**** MATERIAL SUPPLIED

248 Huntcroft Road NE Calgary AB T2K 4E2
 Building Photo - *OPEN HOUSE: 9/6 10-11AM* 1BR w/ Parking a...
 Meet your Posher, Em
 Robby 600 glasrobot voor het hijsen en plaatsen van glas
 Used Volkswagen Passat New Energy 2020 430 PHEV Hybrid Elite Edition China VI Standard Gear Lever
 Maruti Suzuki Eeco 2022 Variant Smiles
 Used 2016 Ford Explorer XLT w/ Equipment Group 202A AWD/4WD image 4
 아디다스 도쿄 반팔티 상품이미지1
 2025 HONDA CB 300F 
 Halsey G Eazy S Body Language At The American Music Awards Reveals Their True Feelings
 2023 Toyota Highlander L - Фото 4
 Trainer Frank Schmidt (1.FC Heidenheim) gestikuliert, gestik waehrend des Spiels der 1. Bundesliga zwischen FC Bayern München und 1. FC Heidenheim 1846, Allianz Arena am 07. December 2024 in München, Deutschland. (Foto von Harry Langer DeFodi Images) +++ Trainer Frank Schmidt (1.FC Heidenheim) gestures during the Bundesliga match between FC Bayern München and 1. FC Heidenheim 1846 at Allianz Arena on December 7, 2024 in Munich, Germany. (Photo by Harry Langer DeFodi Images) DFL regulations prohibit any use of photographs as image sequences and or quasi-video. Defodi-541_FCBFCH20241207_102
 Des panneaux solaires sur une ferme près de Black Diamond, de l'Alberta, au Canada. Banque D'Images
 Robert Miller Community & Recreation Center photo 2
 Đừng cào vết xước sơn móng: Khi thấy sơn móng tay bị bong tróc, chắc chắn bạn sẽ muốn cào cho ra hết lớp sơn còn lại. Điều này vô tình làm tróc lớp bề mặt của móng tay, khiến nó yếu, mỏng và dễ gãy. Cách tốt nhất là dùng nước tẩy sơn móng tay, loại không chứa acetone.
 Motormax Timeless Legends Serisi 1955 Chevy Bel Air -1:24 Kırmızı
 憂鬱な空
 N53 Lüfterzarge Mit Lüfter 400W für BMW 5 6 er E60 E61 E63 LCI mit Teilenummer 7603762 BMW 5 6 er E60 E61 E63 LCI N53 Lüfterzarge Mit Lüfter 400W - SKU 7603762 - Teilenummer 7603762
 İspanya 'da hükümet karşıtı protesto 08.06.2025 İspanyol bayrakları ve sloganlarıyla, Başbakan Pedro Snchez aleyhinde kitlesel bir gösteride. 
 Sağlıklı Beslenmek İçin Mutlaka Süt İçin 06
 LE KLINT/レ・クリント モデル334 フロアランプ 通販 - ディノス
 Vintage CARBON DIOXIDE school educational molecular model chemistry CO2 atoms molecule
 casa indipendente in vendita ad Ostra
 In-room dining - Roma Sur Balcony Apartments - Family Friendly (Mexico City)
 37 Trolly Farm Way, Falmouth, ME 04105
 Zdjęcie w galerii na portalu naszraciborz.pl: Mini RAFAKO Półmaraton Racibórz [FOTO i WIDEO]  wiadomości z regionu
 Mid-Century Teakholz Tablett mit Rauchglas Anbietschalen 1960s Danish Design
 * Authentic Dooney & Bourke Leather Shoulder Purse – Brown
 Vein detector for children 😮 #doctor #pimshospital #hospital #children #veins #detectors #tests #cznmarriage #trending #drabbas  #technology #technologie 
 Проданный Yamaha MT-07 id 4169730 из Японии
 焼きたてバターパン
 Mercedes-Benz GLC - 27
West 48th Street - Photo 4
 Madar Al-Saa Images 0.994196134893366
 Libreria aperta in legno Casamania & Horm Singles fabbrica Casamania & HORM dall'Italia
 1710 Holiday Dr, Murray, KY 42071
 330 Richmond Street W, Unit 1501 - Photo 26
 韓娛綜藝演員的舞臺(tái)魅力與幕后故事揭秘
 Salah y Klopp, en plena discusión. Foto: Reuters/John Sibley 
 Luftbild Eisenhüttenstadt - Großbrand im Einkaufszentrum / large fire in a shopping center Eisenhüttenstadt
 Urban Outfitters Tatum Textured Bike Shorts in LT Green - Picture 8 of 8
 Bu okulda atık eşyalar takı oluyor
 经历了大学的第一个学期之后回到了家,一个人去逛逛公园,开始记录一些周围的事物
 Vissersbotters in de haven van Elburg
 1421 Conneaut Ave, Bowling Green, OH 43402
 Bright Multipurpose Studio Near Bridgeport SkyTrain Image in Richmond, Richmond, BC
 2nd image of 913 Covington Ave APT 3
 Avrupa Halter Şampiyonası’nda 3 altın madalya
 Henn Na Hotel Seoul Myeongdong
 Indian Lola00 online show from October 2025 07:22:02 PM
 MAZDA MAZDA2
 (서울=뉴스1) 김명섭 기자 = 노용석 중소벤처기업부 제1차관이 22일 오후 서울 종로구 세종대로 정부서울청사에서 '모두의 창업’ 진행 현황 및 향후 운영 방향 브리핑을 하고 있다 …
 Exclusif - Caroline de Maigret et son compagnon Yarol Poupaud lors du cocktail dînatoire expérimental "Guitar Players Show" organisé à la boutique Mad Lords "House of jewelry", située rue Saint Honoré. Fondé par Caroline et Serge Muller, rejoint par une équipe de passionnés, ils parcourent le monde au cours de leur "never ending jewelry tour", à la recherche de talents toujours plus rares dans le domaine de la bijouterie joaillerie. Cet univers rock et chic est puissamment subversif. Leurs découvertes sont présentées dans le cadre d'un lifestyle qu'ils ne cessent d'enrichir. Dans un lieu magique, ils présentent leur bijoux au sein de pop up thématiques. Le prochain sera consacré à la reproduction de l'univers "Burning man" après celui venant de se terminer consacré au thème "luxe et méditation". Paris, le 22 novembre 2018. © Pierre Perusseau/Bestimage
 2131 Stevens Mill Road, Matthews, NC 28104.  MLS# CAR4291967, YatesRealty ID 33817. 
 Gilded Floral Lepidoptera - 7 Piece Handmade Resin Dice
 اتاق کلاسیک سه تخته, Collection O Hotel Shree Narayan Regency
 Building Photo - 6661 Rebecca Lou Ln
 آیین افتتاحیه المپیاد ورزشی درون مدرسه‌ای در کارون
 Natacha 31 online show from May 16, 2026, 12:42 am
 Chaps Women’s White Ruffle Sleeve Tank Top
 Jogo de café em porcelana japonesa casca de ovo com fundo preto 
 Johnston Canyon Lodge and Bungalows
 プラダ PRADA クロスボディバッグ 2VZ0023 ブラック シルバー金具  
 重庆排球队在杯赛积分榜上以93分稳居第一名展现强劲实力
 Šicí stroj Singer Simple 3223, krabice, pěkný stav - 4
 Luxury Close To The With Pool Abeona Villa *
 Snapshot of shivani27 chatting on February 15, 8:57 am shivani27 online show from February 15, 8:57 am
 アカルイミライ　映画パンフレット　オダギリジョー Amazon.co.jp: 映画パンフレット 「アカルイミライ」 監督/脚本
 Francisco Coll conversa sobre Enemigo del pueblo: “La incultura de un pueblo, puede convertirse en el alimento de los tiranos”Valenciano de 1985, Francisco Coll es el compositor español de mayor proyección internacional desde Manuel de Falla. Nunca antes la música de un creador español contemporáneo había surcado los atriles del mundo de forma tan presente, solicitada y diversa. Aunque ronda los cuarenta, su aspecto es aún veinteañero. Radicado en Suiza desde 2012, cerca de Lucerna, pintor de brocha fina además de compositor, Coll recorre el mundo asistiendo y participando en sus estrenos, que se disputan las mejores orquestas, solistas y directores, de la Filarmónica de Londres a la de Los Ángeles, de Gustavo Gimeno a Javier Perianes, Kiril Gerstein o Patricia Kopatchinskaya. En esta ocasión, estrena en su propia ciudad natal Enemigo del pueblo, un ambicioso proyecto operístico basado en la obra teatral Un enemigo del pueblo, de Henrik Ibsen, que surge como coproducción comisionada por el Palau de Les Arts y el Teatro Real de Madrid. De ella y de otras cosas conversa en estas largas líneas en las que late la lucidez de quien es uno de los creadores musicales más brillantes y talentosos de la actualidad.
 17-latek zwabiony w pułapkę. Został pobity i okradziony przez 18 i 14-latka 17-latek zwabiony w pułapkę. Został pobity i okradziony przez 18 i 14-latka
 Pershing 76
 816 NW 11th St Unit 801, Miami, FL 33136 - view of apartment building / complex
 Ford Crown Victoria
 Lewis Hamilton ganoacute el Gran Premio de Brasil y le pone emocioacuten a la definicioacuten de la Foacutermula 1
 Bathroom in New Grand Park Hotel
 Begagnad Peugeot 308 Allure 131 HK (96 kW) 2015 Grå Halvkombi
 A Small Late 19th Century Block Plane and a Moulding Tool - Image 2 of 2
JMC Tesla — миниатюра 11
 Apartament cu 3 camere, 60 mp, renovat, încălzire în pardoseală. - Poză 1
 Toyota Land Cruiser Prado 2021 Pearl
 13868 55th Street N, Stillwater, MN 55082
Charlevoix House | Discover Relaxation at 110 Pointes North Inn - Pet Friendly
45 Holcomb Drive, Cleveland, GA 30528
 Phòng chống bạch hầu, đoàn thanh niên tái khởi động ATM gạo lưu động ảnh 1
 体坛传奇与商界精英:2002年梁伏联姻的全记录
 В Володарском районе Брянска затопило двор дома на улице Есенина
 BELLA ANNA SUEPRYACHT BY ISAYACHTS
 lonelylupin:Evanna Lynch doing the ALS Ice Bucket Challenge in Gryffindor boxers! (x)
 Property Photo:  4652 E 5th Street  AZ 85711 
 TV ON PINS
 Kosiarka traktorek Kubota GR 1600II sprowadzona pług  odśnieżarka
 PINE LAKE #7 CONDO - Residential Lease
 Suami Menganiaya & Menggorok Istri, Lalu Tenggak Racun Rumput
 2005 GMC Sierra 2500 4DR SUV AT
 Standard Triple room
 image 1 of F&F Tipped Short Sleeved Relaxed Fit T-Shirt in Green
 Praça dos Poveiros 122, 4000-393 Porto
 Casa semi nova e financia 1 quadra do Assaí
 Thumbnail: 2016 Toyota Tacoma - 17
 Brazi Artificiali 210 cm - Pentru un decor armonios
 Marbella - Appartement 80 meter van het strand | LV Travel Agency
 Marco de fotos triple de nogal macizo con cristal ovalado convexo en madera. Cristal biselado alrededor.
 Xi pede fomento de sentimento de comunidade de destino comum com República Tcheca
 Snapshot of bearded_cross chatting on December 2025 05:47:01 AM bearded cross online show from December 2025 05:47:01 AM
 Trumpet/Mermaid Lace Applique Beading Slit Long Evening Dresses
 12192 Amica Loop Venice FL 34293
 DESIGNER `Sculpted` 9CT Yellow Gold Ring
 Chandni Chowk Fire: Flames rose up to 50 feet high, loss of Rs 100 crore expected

********

**WHAT YOU SHOULD DO**
Lines from the start of the entries through the one containing "Robby 600 glasrobot" are to be set down again exactly, both ends included.

**EXERCISE ANSWER**
248 Huntcroft Road NE Calgary AB T2K 4E2
 Building Photo - *OPEN HOUSE: 9/6 10-11AM* 1BR w/ Parking a...
 Meet your Posher, Em
 Robby 600 glasrobot voor het hijsen en plaatsen van glas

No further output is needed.